By Wang Yihan | chinadaily.com.cn | Updated: 2024-02-05 15:35

People select Chinese Lunar New Year decorations at a market in Duyun city, Southwest China's Guizhou province, Jan 29, 2024.  [Photo/Xinhua]

As the Spring Festival approaches, the atmosphere of the new year is getting stronger all over the country. The people are busy buying special purchases and preparing food for the celebration. In my hometown Weihai, a city of Shandong province, one of the New Year's customs is to steam Huabobo. During the Spring Festival, every family in Weihai makes or orders Huabobo to welcome the coming year. In Chinese, the word "steam" implies that the days in the future will be hopeful and thriving. Therefore, the manufacturing process and appearance of Huabobo all carry the joy of the Spring Festival and wishes for a better year. Huabobo is made of flour with different pure natural pigments. It can be kneaded into vivid people in plenty of poses and with multitudinous expressions, lifelike animals of diverse species, or beautiful flowers and trees with sole characters via utilizing simple instruments. To ensure a good taste, a proper amount of milk, eggs and sugar are added to the dough. To ensure nutritive value, only high-quality flour and fresh fruits and vegetables can be used without any added colorants when making it. To complete particular shapes, the skills of kneading the dough are highly required because the dough's hardness or softness will influence the shapes. The entire process includes seven steps: making, leavening, kneading, shaping, carving, steaming and coloring. Many tools are utilized to make it more exquisite, like knives, scissors and brushes. The making process is not only cooking but also an artistic creation, providing an opportunity for family members to enjoy the warmth and happiness of reunification with their relatives.

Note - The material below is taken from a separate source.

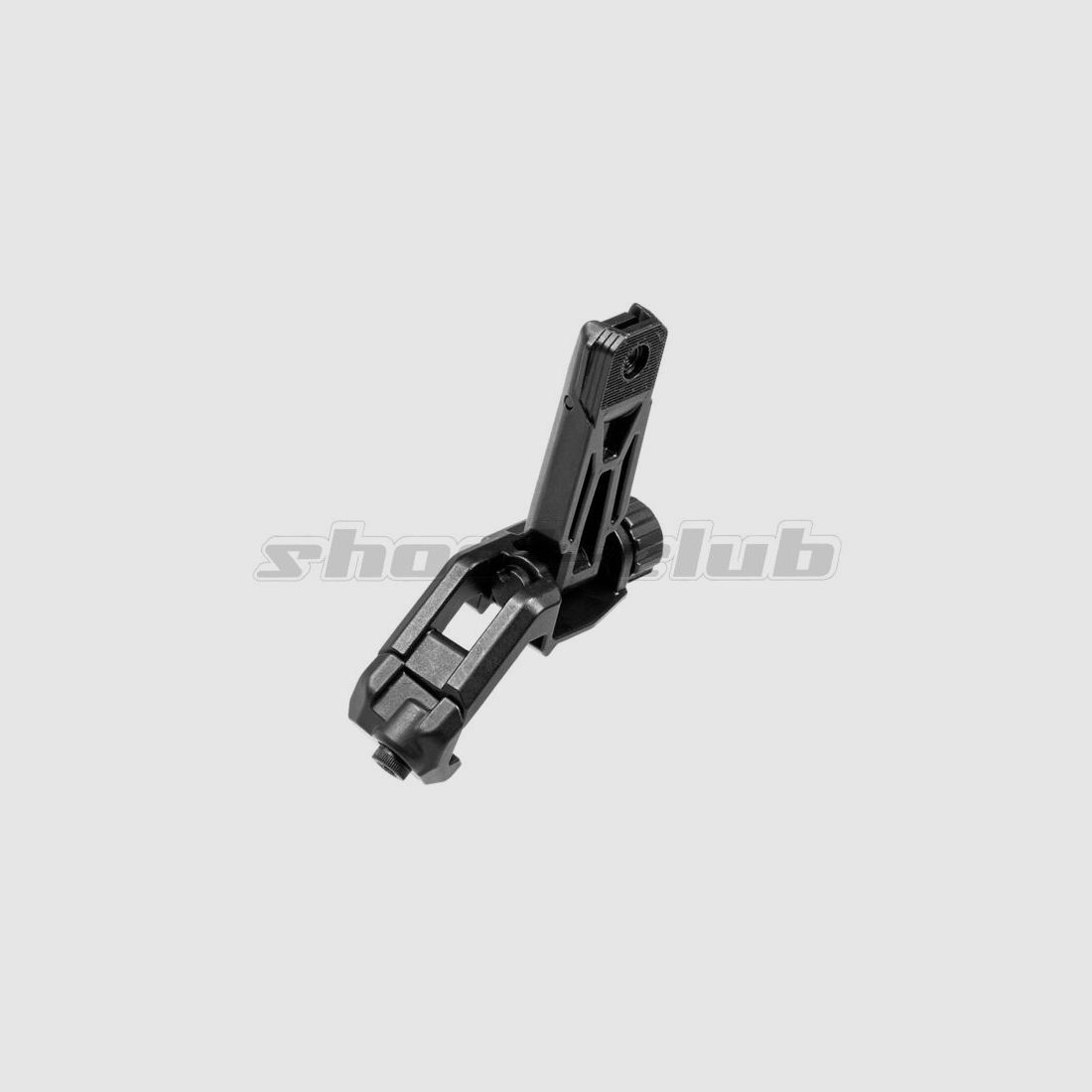 Magpul MBUS Pro Offset Sight - Rear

As a provincial intangible cultural heritage of Shandong, Huabobo enjoys a history of more than three hundred years. In the past, the laboring people only dared to steam buns with white flour during the Spring Festival, making it become a fixed ritual, which was regarded as a reward to people who toiled laboriously for the whole year. After the reform and opening up, people's living standards have continued to improve with material becoming abundant. Wheat flour is no longer a luxury for the Chinese people, so they have more energy and interest in making their Huabobo more delicate. Hence, Huabobo becomes bigger and more varied in design, gradually becoming an indispensable part of celebrating the Spring Festival. At the same time, this cultural heritage left by our ancestors grants deep emotional connections and a new outlet for economic development. In recent years, Weihai has taken a series of measures to promote the standardized operation and high-quality development of the Huabobo industry, such as constructing a Huabobo Incubation Industrial Park and cultivating benchmark enterprises. These measures have provided residents with employment opportunities and opened up new employment prospects. The cultural value and economic value of "Huabobo" bring a strong sense of felicity to the residents of Weihai.

In addition, as the trend of globalization accelerates, cultural confidence has a great impact across the country. The people of Weihai are increasingly attaching importance to the cultural significance of Huabobo and use them to pray for blessings and for mourning in festivals, weddings, funerals and other events. In recent years, the industry chain of Huabobo has become more mature, and its exquisite and varied designs have attracted many people overseas. To expand its sales, SF Express in Weihai has tackled the customs clearance process in advance, allowing Huabobo to be received in just 48 hours by taking international flights for the first time. The measure allows foreign friends to taste this delicacy and can comfort the homesickness of the Chinese people overseas to some extent. This cultural product has been regarded as a conspicuous city card of Weihai. Huabobo shows the cultural deposits of Weihai and highlights the overall prosperity of the Chinese culture for the past five thousand years. 

The author is Wang Yihan from Shandong University.